Now we are in a time different from that of the Second World War, yet in some ways equally disturbing. We are in a time that is especially hard for anyone who seeks to be a faithful Christian. Never in my life have I known a time when the attacks on the Gospel were as vicious as they are now. I see about me a far more militant atheism than I have ever known, and I see it pressed with evangelistic fervor. I recognize that some of the most damaging attacks on the validity of the Gospel are coming from those who claim some kind of marginal connection with Christianity. I see a widespread impersonalism that is frankly based on the idea that Christ was wrong in addressing the heavenly Father as “Thou.”

At the same time that I note these vicious onslaughts and hear them almost every day, I also am aware of an exceptional vitality in the Christian cause at certain specific points. I see a marked growth in the concept and practice of the lay ministry. I see a development in the direction of reality of membership, according to which, in a few congregations, it is beginning to be expected that every member should participate seriously in the Christian cause, engaging in witness, in financial sacrifice, in daily ministry, and in study. There are, indeed, a few churches in which a small number undertake to conduct a highly demanding experiment for a limited period of time, with the thought that it may become continuous after a trial period.
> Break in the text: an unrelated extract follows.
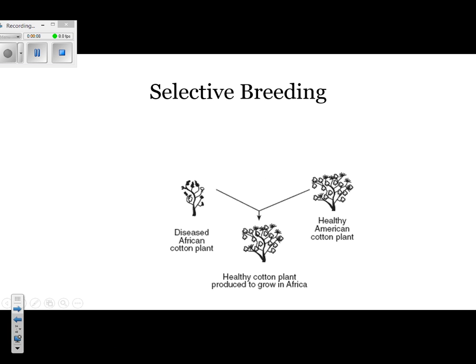First thing we have is selective breeding. If you look at the picture, you'll notice that it has two different types of plants. One is the diseased African cotton plant and the other one is a healthy American cotton plant.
Another great thing I see is the acceptance, on the part of some, that the Christian faith cannot be genuine unless it includes both the inner life of devotion and the outer life of service. A good many now realize that inner devotion can be self-centered or even self-indulgent, while mere service can become sterile and superficial. It is good to know that some can see that social protest without a tender and moving spirit is essentially self-contradictory. In short, in the brightest spots in the Christian cause it is truly understood that the roots and fruits of the Christian faith must be held together in one context. Many of the far-out people reject prayer and engage only in what they call “action.” Others so emphasize prayer that they have no energy left for action. The hopeful spots are those in which people see that prayer and action are two sides of the same Christian coin.

When I think of the attacks upon Christianity and the small groups that represent great vitality, I have a better insight than ever before into the great biblical passage of First Corinthians 16:9, “The wide door for effective work has opened to me and there are many adversaries.” What this text says has always been true of the Christian cause, but the events of our bad time make the truth unusually evident.

It is well known that we usually need to see more than one thing in order to tell the truth, because the truth is essentially complex. This is especially the case when we talk about the prospects for the Christian faith. The coming year and years will be dark times and they will be bright times, and they will be both at once.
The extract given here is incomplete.